[EXERCISE MATERIALS — start]
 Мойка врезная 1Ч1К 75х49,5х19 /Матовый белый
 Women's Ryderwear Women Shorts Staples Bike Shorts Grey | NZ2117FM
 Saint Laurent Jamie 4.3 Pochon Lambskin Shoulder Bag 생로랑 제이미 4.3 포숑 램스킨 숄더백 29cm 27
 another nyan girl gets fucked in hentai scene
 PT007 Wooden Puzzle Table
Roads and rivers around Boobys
[EXERCISE MATERIALS — finish]
[EXERCISE MATERIALS — start]
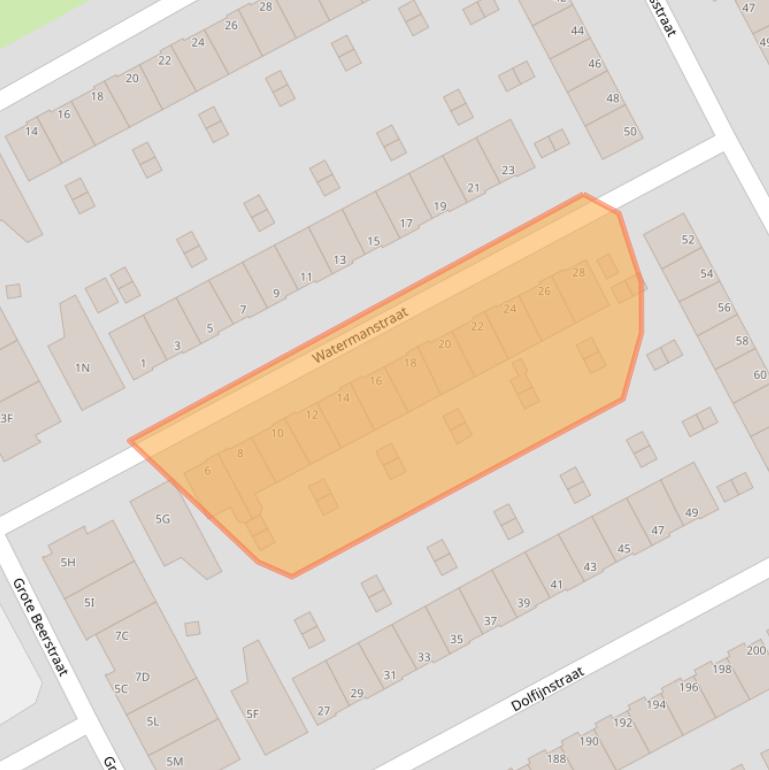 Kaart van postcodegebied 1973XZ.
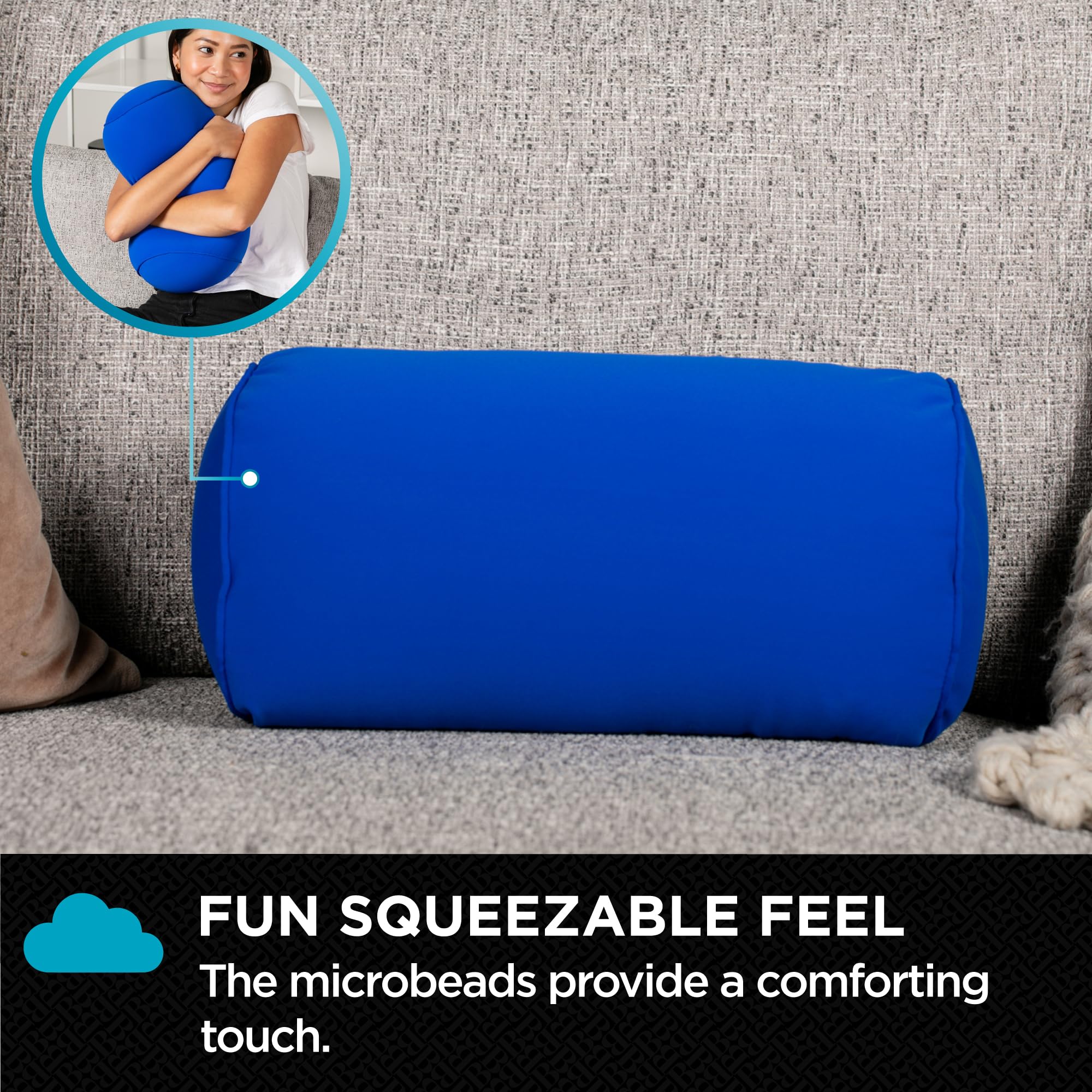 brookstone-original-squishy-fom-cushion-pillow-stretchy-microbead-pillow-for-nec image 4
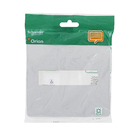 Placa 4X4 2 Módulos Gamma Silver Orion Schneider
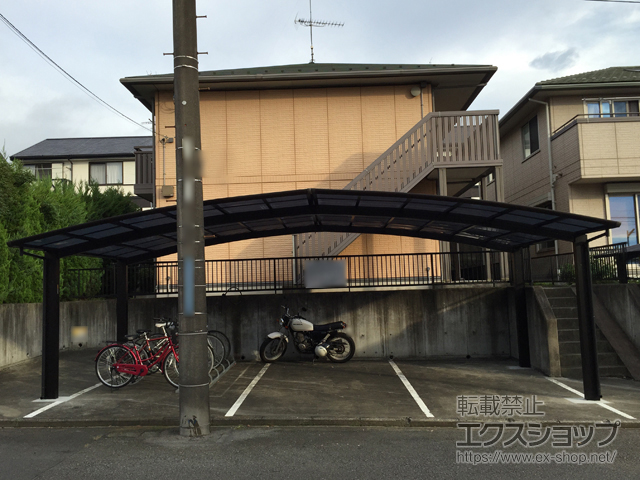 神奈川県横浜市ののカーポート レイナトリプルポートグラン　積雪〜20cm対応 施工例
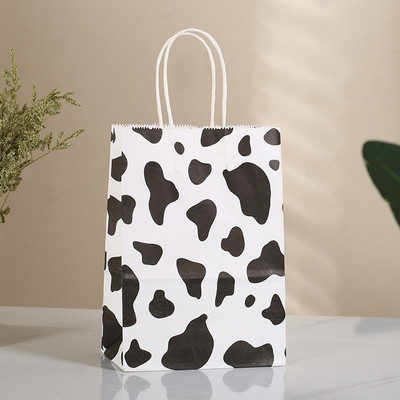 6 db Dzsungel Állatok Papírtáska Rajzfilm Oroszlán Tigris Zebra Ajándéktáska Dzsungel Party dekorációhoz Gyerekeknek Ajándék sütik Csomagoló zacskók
[EXERCISE MATERIALS — finish]
== AIM OF THE TASK ==
Send back an exact copy of only the lines from the line with "Women's Ryderwear Women" up to and including the line with "Roads and rivers around Boobys" in the data above.

== RESULT ==
 Women's Ryderwear Women Shorts Staples Bike Shorts Grey | NZ2117FM
 Saint Laurent Jamie 4.3 Pochon Lambskin Shoulder Bag 생로랑 제이미 4.3 포숑 램스킨 숄더백 29cm 27
 another nyan girl gets fucked in hentai scene
 PT007 Wooden Puzzle Table
Roads and rivers around Boobys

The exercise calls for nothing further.